Long standing issue but as top-level 'asm' statement were rare, it did not show 
up.
However, the fix for PR108969 in commit r14-321-g9a41d2cdbcd added code

+#elif defined(_GLIBCXX_SYMVER_GNU)
+  __extension__ __asm (".globl _ZSt21ios_base_library_initv");
q
libstdc++-v3/include/std/iostream. This was then duly written by the 
offloading-device
lto1 for digestion by the device-target assembler. While the llvm-mc linker 
user by
GCN did accept .globl, nvptx's ptxas did choke on it.

Additionally, as the assembly was already written for offloading, the output was
lost on the host when using LTO for not only for offload but for real (i.e. 
with -flto).

Has someone an idea how to check whether the offloading-code assembler does not
contain the _ZSt21ios_base_library_initv while the host-side (before or after 
LTO)
should contain it, but only with _GLIBCXX_SYMVER_GNU?
Otherwise, the testcase tests only and at least whether it breaks with nvptx
as ptxas does not like the symbol.

* * *

Tested (manually + running the OvO and sollve-testsuite) on x86-64-gnu-linux 
with nvptx
offloading and with "make check -k" on x86-64-gnu-linux, albeit without 
offloading configured.
The installed-build regtesting of "make check-target-libgomp" seems to be 
currently broken
as it does run all checking code (check_effective_target...) but does not seem 
to find
any actual testcase to be run, probably a side effect of the recent testsuite 
changes.

OK for mainline and GCC 13?

Tobias
-----------------
Siemens Electronic Design Automation GmbH; Anschrift: Arnulfstraße 201, 80634 
München; Gesellschaft mit beschränkter Haftung; Geschäftsführer: Thomas 
Heurung, Frank Thürauf; Sitz der Gesellschaft: München; Registergericht 
München, HRB 106955
LTO: Fix writing of toplevel asm with offloading [PR109816]
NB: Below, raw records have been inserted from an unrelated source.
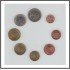 Eslovenia 2007 Emisión monedas Sistema monetario euro € Tira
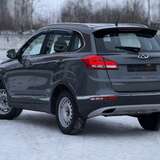 Chery Tiggo 5 2.0 MT (136 л.с.) Comfort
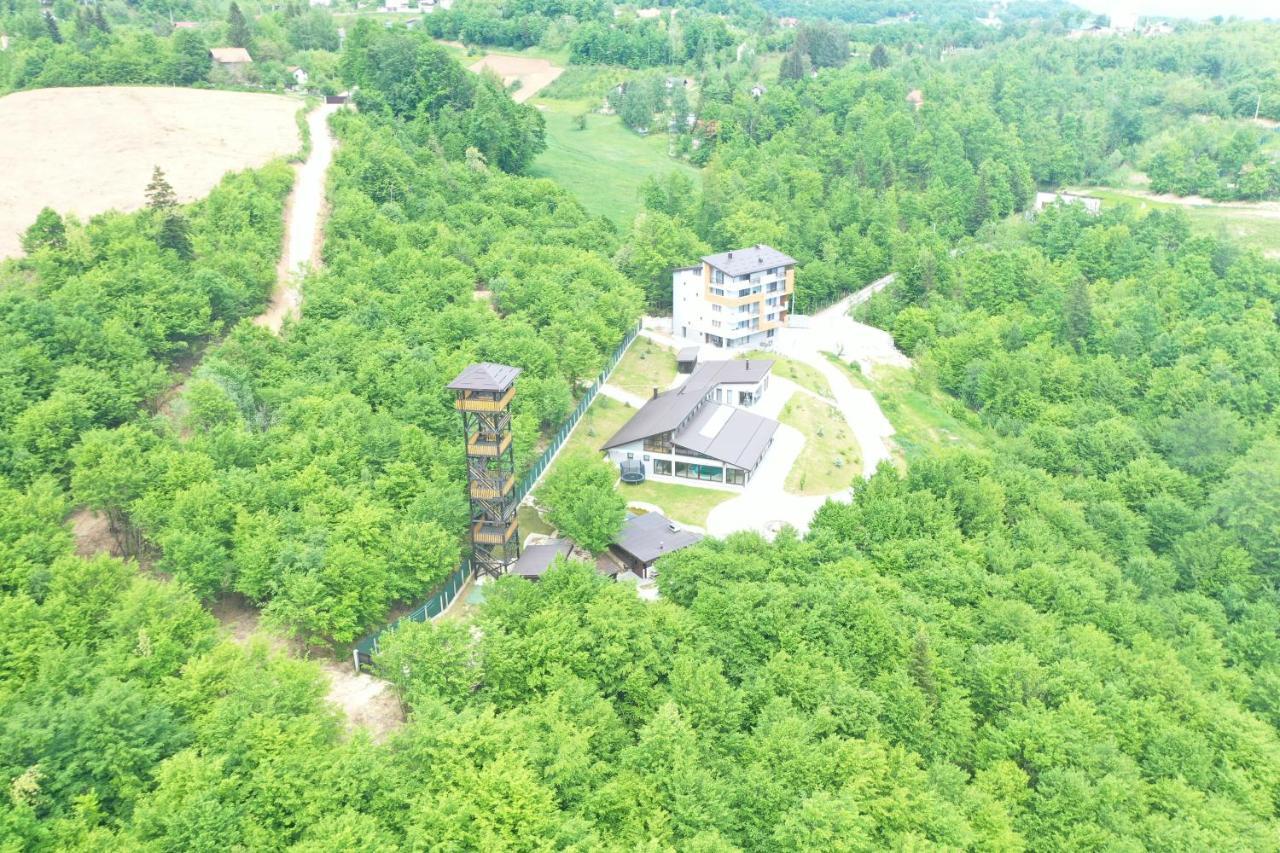 Maiden Water Resort Sarajevo Exterior photo
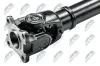 Gelenkwelle, Achsantrieb hinten NTY NWN-TY-026 Bild Gelenkwelle, Achsantrieb hinten NTY NWN-TY-026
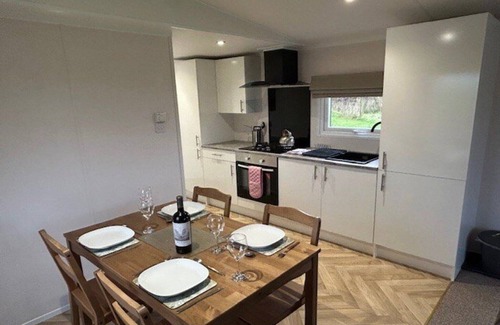 Okehampton Ski Chalet | Lodge in Dartmoor with Stunning Tors Views
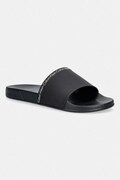 Calvin Klein natikače za muškarce ESS SLIDE INSTITUTIONAL CV crne HM0HM02108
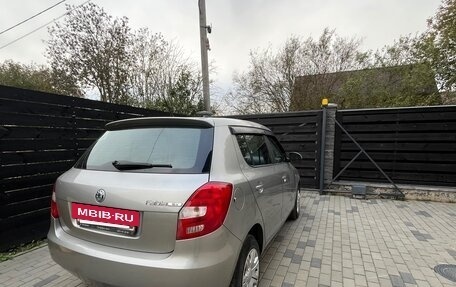 Skoda Fabia II, 2010 год, 549 999 рублей, 4 фотография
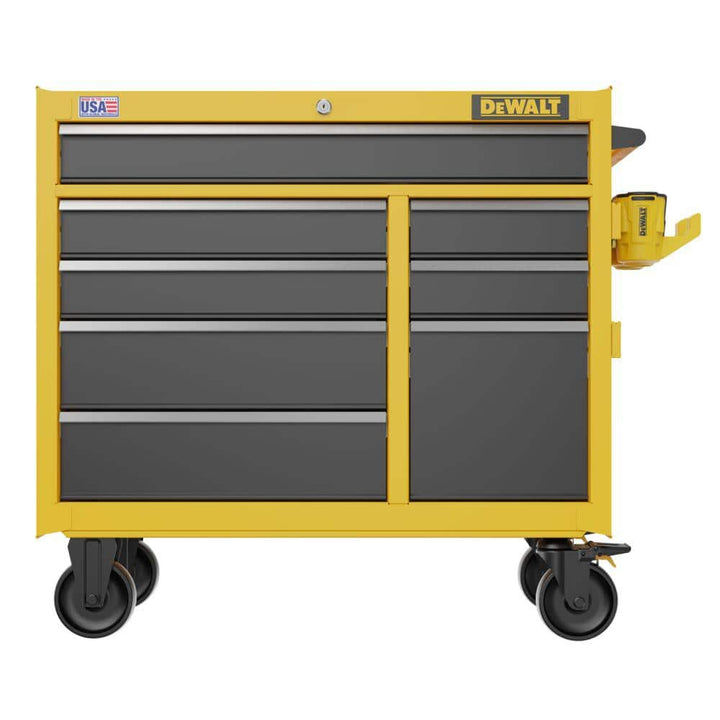 DEWALT 41 in. W x 21 in. D 8-Drawer Rolling Tool Cabinet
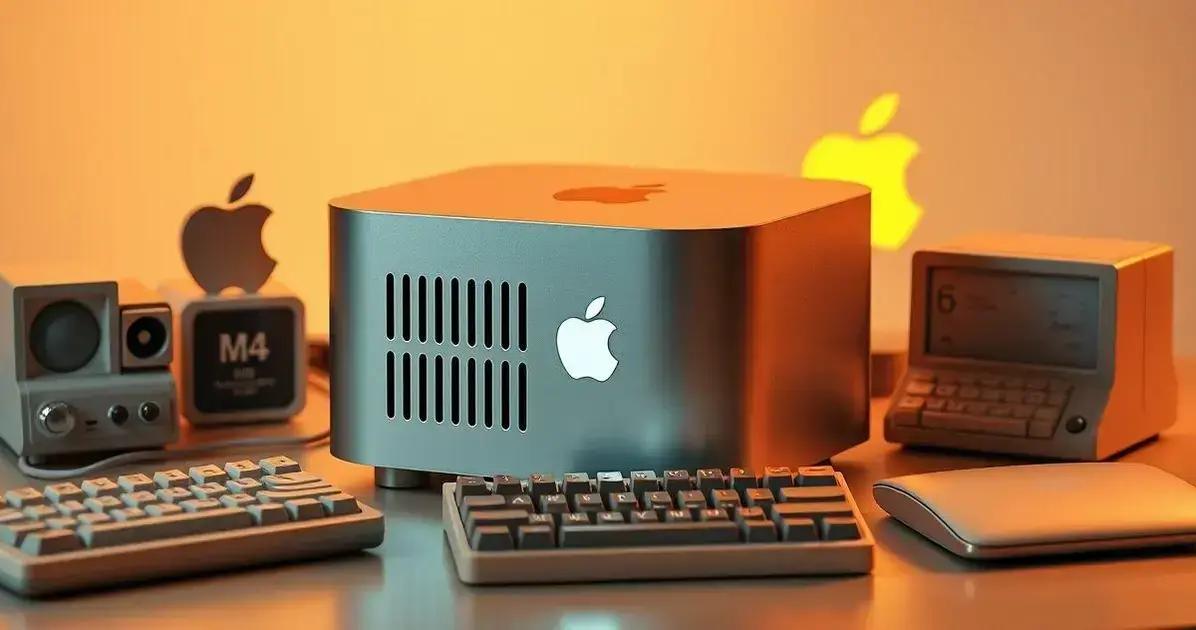 Mac mini retro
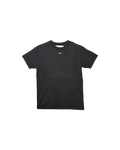 Off White T-Shirt Stencil Arrows Spray Painted Black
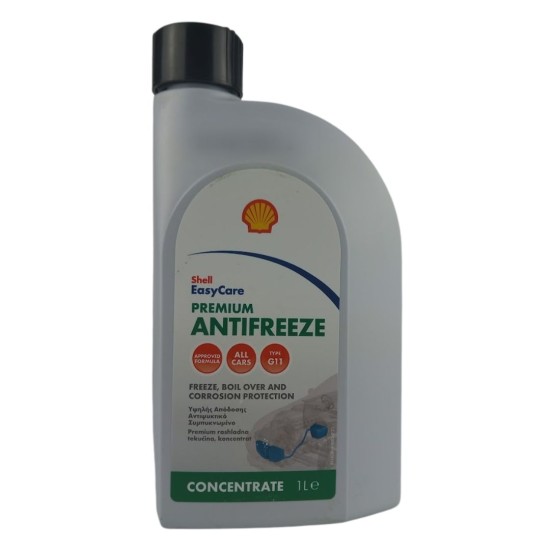 SHELL PREMIUM ANTIFREEZE 774C CON 1L SHELL PREMIUM ANTIFREEZE 774C CON 1L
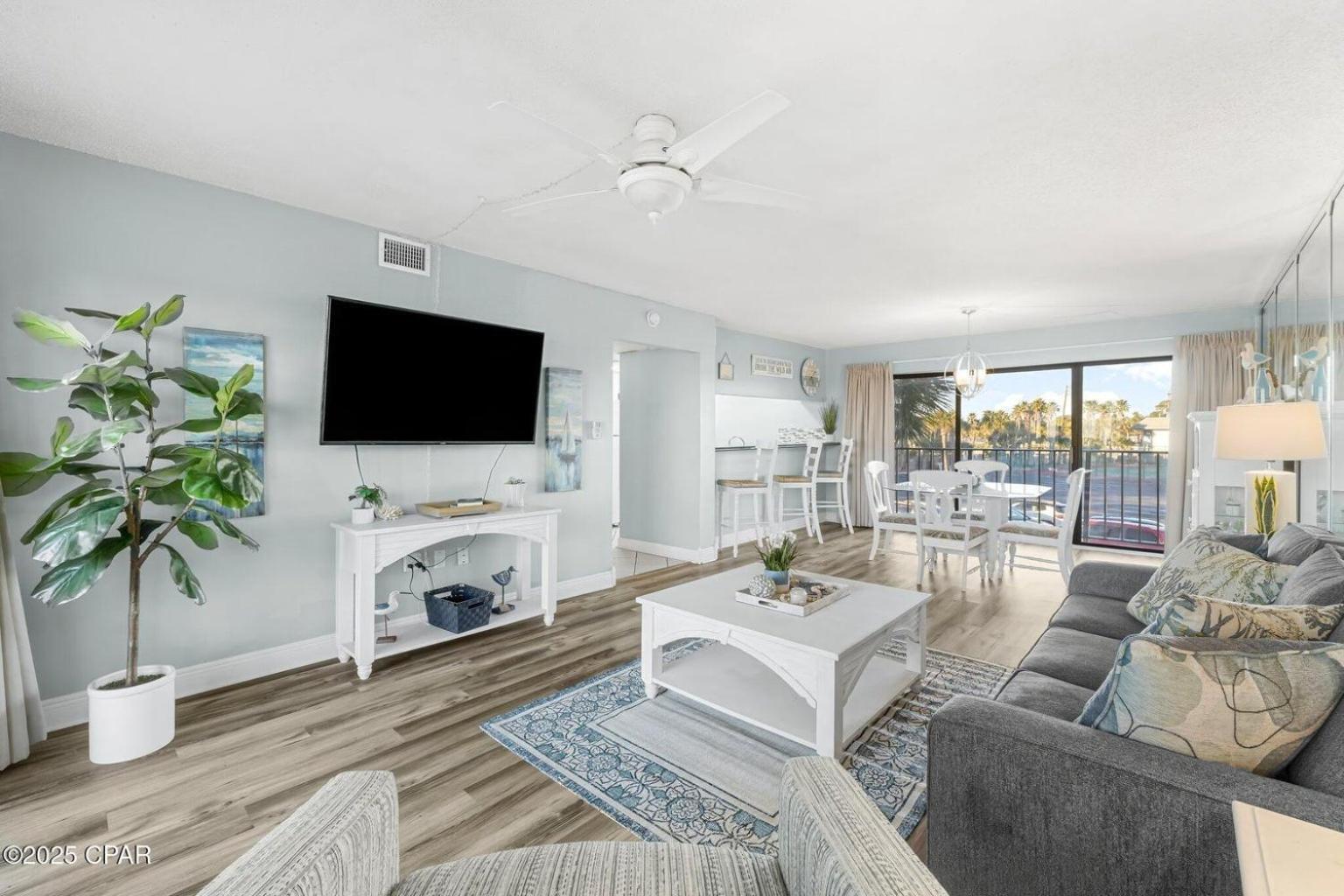 Moondrifter #208 By Nautical Properties Panama City Beach Exteriör bild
When offloading was enabled, top-level 'asm' were added to the offloading section,
confusing assemblers which did not support the syntax. Additionally, with offloading
and -flto, the top-level assembler code did not end up in the host files.

As r14-321-g9a41d2cdbcd added top-level 'asm' to some libstdc++ header files, the issue became
more apparent, causing fails with nvptx for C++ testcases.

	PR libstdc++/109816

gcc/ChangeLog:
	* lto-cgraph.cc (output_symtab): Guard lto_output_toplevel_asms by
	'!lto_stream_offload_p'.

libgomp/ChangeLog:

	* testsuite/libgomp.c++/target-map-class-1.C: New test.
	* testsuite/libgomp.c++/target-map-class-2.C: New test.

 gcc/lto-cgraph.cc                                  |  2 +-
 libgomp/testsuite/libgomp.c++/target-map-class-1.C | 98 ++++++++++++++++++++++
 libgomp/testsuite/libgomp.c++/target-map-class-2.C |  6 ++
 3 files changed, 105 insertions(+), 1 deletion(-)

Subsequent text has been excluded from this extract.